[TASK]: Below are lines of records; copy exactly those from the one containing "Family Income by" through the one containing "Phân giai đoạn", leaving the pictures behind.

[INPUT FOR THIS TASK]:
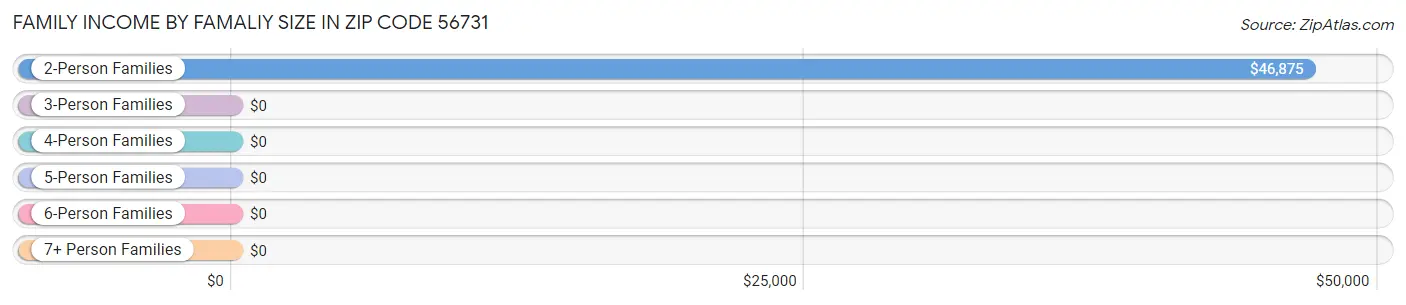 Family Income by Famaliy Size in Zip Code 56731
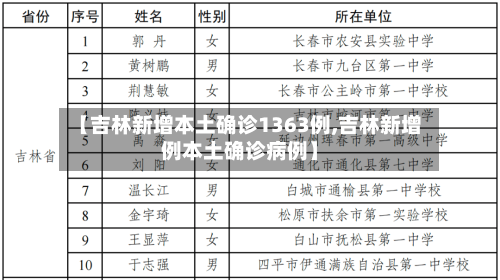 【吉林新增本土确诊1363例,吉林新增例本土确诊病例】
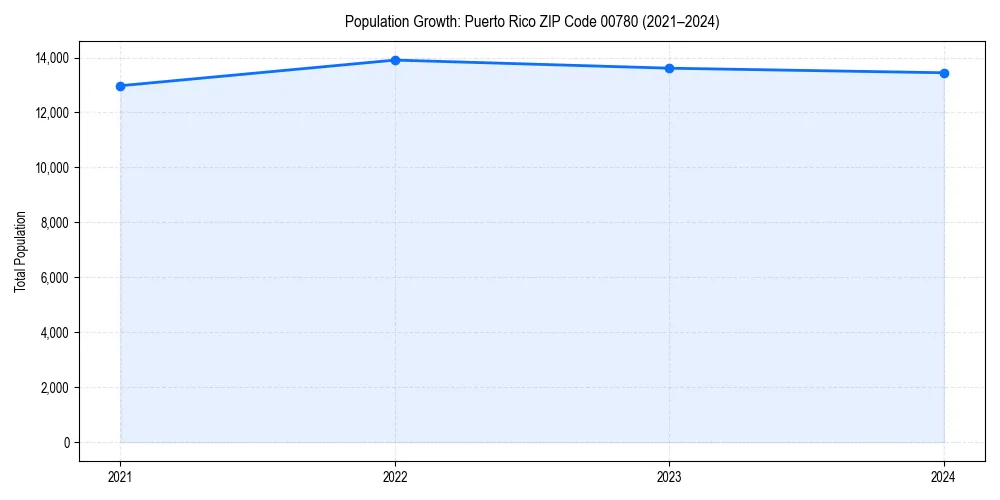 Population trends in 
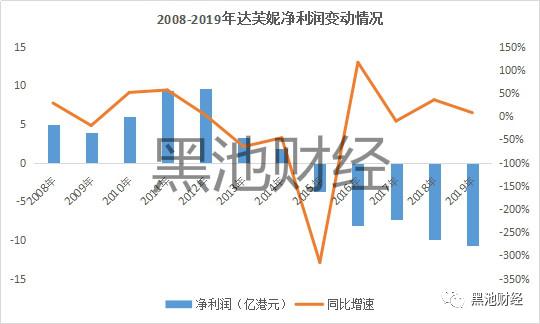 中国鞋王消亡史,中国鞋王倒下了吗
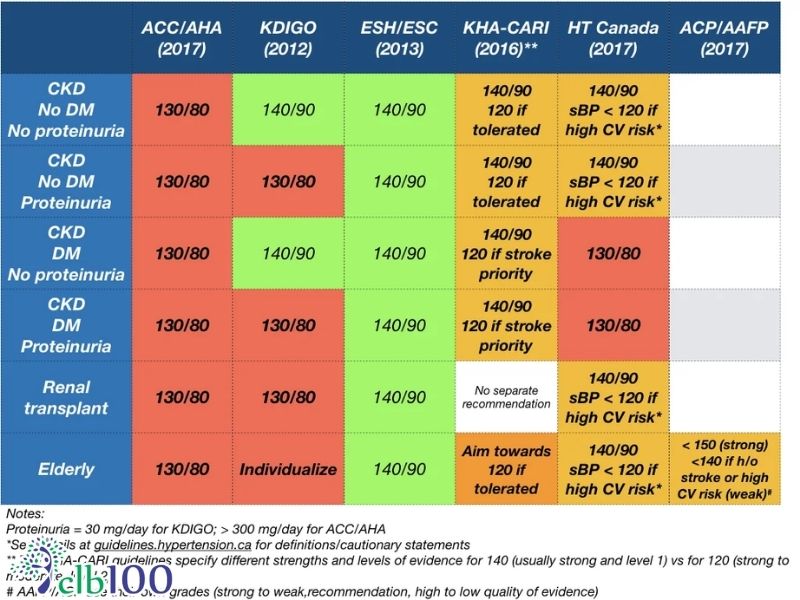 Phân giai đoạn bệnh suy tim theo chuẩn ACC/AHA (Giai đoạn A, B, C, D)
...
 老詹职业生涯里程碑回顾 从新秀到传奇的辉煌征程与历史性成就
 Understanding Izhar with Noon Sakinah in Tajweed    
...
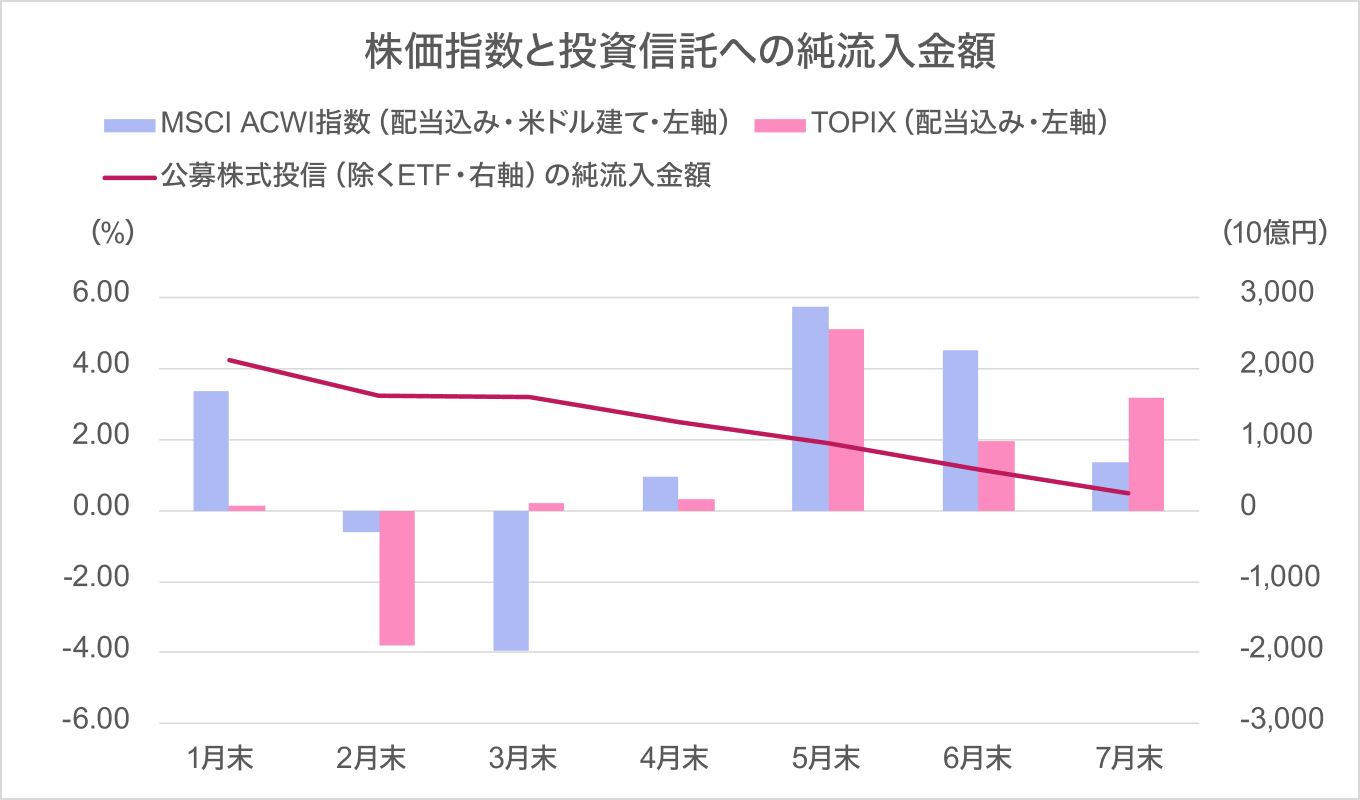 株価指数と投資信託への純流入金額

[SOLVED PROBLEM]:
 Family Income by Famaliy Size in Zip Code 56731
 【吉林新增本土确诊1363例,吉林新增例本土确诊病例】
 Population trends in 
 中国鞋王消亡史,中国鞋王倒下了吗
 Phân giai đoạn bệnh suy tim theo chuẩn ACC/AHA (Giai đoạn A, B, C, D)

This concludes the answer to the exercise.